Let R be a UFD and F its field of fractions. If a polynomial f(x) in R[x] is reducible in F[x], then it is reducible in R[x].

In particular, an integral coefficient polynomial is irreducible in Z iff it is irreducible in Q. For me this tells me something on how the horizontal divisors in the fibration from the arithmetic plane SpecZ[x] to SpecZ intersects the generic fiber: a prime divisor (the divisor defined by the prime ideal (f(x)) in Z[x]) intersect the generic fiber exactly at one point (i.e. the prime ideal (f(x)) in Q[x]) with multiplicity one.

Now here is my question:

Give a ring R, with Frac(R)=F, and a polynomial f(x) in R[x] such that f(x) is reducible in F[x], but is irreducible in R[x].

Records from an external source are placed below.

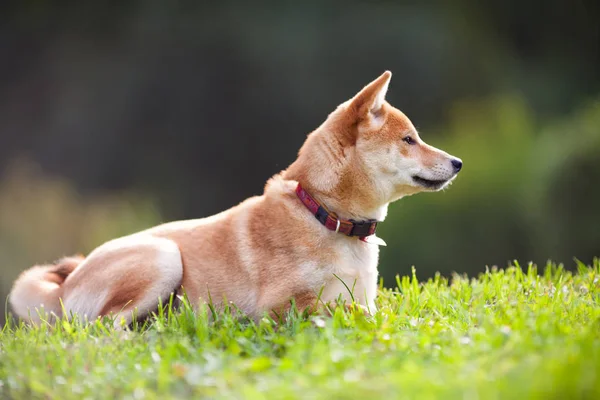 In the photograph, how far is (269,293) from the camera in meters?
4.38

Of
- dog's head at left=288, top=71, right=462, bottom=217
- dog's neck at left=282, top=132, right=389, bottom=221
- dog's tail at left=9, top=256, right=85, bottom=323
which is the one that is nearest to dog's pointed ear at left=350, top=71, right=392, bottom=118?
dog's head at left=288, top=71, right=462, bottom=217

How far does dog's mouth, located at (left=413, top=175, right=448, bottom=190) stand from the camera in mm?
4691

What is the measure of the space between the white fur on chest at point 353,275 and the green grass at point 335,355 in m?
0.19

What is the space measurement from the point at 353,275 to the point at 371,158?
2.38ft

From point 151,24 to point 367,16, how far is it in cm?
576

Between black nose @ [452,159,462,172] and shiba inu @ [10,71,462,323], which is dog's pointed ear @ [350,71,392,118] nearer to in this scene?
shiba inu @ [10,71,462,323]

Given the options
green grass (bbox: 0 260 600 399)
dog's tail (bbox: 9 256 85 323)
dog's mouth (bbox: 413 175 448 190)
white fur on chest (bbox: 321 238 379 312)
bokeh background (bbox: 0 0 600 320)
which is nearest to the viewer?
green grass (bbox: 0 260 600 399)

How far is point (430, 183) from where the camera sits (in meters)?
4.71

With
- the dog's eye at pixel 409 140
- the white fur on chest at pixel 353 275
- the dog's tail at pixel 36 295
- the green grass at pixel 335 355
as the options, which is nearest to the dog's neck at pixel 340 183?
the white fur on chest at pixel 353 275

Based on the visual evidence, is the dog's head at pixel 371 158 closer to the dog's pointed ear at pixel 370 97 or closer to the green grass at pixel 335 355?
the dog's pointed ear at pixel 370 97

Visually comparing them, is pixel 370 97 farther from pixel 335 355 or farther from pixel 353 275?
pixel 335 355

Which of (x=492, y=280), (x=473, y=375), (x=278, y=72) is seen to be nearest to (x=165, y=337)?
(x=473, y=375)

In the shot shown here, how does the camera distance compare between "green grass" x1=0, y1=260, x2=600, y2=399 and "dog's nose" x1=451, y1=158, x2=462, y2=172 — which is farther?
"dog's nose" x1=451, y1=158, x2=462, y2=172

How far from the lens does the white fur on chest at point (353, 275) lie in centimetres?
442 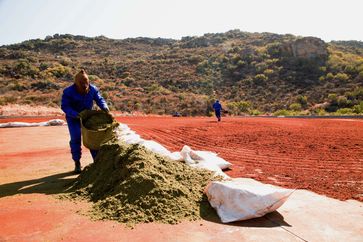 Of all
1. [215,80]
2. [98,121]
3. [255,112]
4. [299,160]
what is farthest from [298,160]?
[215,80]

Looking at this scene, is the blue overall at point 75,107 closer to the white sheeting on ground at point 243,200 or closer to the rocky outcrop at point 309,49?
the white sheeting on ground at point 243,200

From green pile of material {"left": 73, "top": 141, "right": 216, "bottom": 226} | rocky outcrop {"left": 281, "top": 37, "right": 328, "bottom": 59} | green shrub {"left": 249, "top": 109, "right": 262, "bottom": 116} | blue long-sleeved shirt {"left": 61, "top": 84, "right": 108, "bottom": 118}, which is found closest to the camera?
green pile of material {"left": 73, "top": 141, "right": 216, "bottom": 226}

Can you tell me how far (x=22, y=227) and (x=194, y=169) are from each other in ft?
7.61

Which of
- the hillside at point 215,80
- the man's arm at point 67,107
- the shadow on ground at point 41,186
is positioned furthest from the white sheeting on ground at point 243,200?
the hillside at point 215,80

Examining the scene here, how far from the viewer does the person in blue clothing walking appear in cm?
573

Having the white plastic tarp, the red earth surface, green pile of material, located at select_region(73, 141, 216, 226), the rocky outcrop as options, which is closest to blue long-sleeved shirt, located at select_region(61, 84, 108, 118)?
green pile of material, located at select_region(73, 141, 216, 226)

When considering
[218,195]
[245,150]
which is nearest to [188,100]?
[245,150]

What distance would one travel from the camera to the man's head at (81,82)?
5.72 meters

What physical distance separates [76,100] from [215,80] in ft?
129

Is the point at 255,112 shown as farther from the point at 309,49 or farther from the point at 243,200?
the point at 243,200

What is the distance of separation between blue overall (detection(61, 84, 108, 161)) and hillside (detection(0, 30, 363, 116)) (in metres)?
25.0

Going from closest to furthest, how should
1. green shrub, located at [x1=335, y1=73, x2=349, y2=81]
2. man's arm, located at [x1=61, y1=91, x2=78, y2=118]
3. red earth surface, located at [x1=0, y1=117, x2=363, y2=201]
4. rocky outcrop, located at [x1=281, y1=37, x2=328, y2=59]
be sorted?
red earth surface, located at [x1=0, y1=117, x2=363, y2=201], man's arm, located at [x1=61, y1=91, x2=78, y2=118], green shrub, located at [x1=335, y1=73, x2=349, y2=81], rocky outcrop, located at [x1=281, y1=37, x2=328, y2=59]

Of course, R should not be a UFD.

I'd like to see an example for number fields as well as a geometric example (where R is the affine coordinate ring of an open curve or higher dimensional stuff). Thanks

Answer 1

Gauss' Lemma over a domain R is usually taken to be a stronger statement, as follows:

If R is a domain with fraction field F, a polynomial f in R[T] is said to be primitive if the ideal generated by its coefficients is not contained in any proper principal ideal. One says that Gauss' Lemma holds in R if the product of two primitive polynomials is primitive. (This implies that a polynomial which is irreducible over R[T] remains irreducible over F[T].) Say that a domain is a GL-domain if Gauss' Lemma holds.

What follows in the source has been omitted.